Signed-off-by: Stefan Gula <steweg@...il.com>
---
V6&7 changes:
- added "[no]bridge" netlink option to enable or disable the behavior
based on configuration rather then using only kernel option. Example
of such link creation:
ip link add VPN1 type gretap local 10.1.1.1 remote 239.192.0.1 key
12345 ttl 5 nopmtu bridge
- Default value is "nobridge"
- This provides backward compatibility with any previous installations
- run flush function after interface moved from "bridge" to "nobridge"
behavior
Before you decline this please consider the things below:
Reasons for adding this to kernel directly instead of openvswitch code:
- neither NVGRE nor VXLAN are part of the openvswitch for now
- NVGRE is even not yet fully standardized. Missing info how the mapping table will
be build -> new RFC is expected for this
- VXLAN uses always header of size 16B (8B VXLAN header + 8B UDP header)

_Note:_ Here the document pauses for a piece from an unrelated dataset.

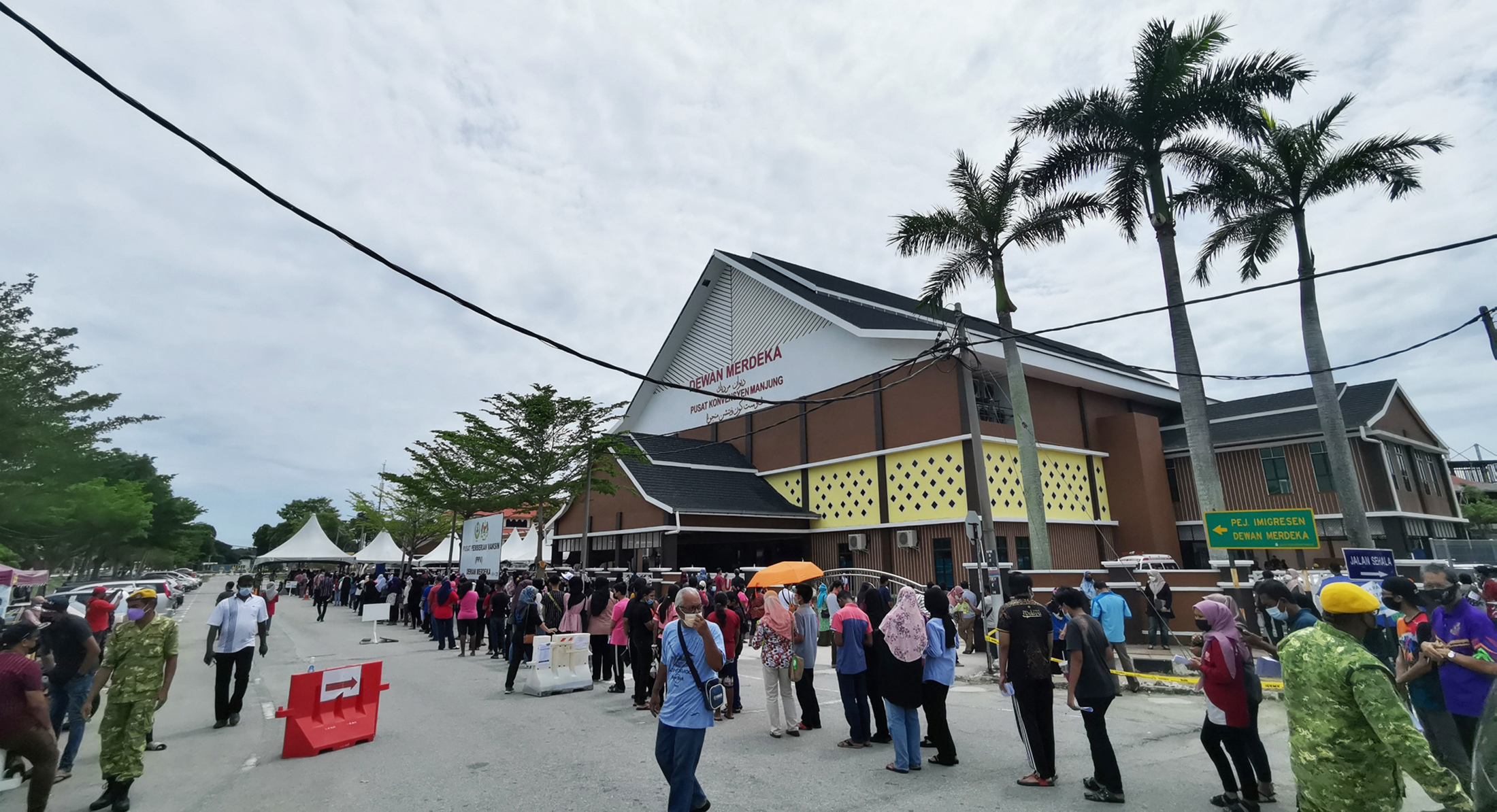 霹:版三内/未接种者需到诊所预约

- openvswitch doesn't implement ebtables/arptables/iptables rules
properly, so if one wanted to use this in combinations it needs
original bridge code, which would be somehow connected to openvswitch
- e.g. using veth module between them
This brings 3 lookups (original bridge, openvswitch bridge and gre
internal bridge) instead of only 2 (original bridge and bridge
inside the gretap interface) resulting apparently in non optimal
performance.
- e.g. in my scenario linux-based APs uses ebtables, iptables and
arptables to prevent ARP spoofing, DHCP spoofing, IP spoofing, and
do some mangling staff like NATting of some mac-addresses...
- My patch uses headers of size from 8B to 20B (depends on configuration)

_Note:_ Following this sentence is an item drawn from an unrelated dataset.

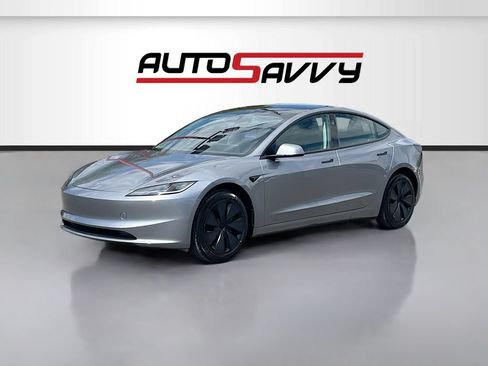 Used 2025 Tesla Model 3 Long Range RWD image 3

- possible less fragmentation needed in contrast to VXLAN
- methodology of learning VXLAN and my patch is almost the same - my is
only missing mapping of inner multicast groups to outside multicast
addresses. VXLAN relies on controller to define that, my is limited for
using only one multicast address for all inner multicasts
- adding "bridge" keyword make this patch stable and backward compatible
- fully compatible with any kind of filtering/mangling needed based on
standard linux network stack (excluding filtering inside the gretap
bridge itself)
Summary:
- OpenVswitch is apparently good solution for virtualization deployments
where network security is done on separate devices or not needed at all,
but currently lacks several security aspects to be fully ready to
replace the original bridge code in non virtualized environments, where
the boxes implement also network security features like linux based APs.

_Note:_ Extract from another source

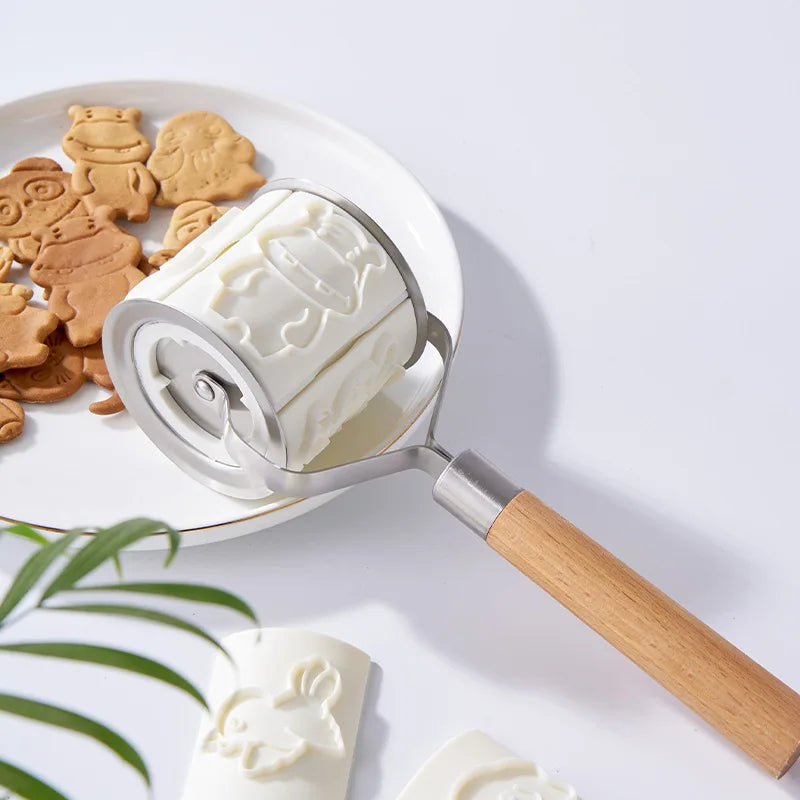 32pcs Carton Animals Cars Patterns Dough Rolling Pin Cookie Cutter Mould Press Biscuit Pastry Baking Tools Roller Biscuit Mold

I believe that such major changes should be driven by some maintainer of
openvswitch rather than myself.
Patch V7:
diff -uprN -X linux-3.2.1-orig/Documentation/dontdiff linux-3.2.1-orig/include/linux/if_tunnel.h linux/include/linux/if_tunnel.h
--- linux-3.2.1-orig/include/linux/if_tunnel.h 2012-01-27 13:38:56.000000000 +0000
+++ linux/include/linux/if_tunnel.h 2012-01-30 14:10:01.000000000 +0000
@@ -75,6 +75,7 @@ enum {
IFLA_GRE_TTL,
IFLA_GRE_TOS,
IFLA_GRE_PMTUDISC,
+ IFLA_GRE_BRIDGE,
__IFLA_GRE_MAX,
};
diff -uprN -X linux-3.2.1-orig/Documentation/dontdiff linux-3.2.1-orig/include/net/ipip.h linux/include/net/ipip.h
--- linux-3.2.1-orig/include/net/ipip.h 2012-01-27 13:38:57.000000000 +0000
+++ linux/include/net/ipip.h 2012-01-30 14:10:01.000000000 +0000
@@ -27,6 +27,15 @@ struct ip_tunnel {
__u32 o_seqno; /* The last output seqno */
int hlen; /* Precalculated GRE header length */
int mlink;
+#ifdef CONFIG_NET_IPGRE_BRIDGE
+#define GRETAP_BR_HASH_BITS 8
+#define GRETAP_BR_HASH_SIZE (1 << GRETAP_BR_HASH_BITS)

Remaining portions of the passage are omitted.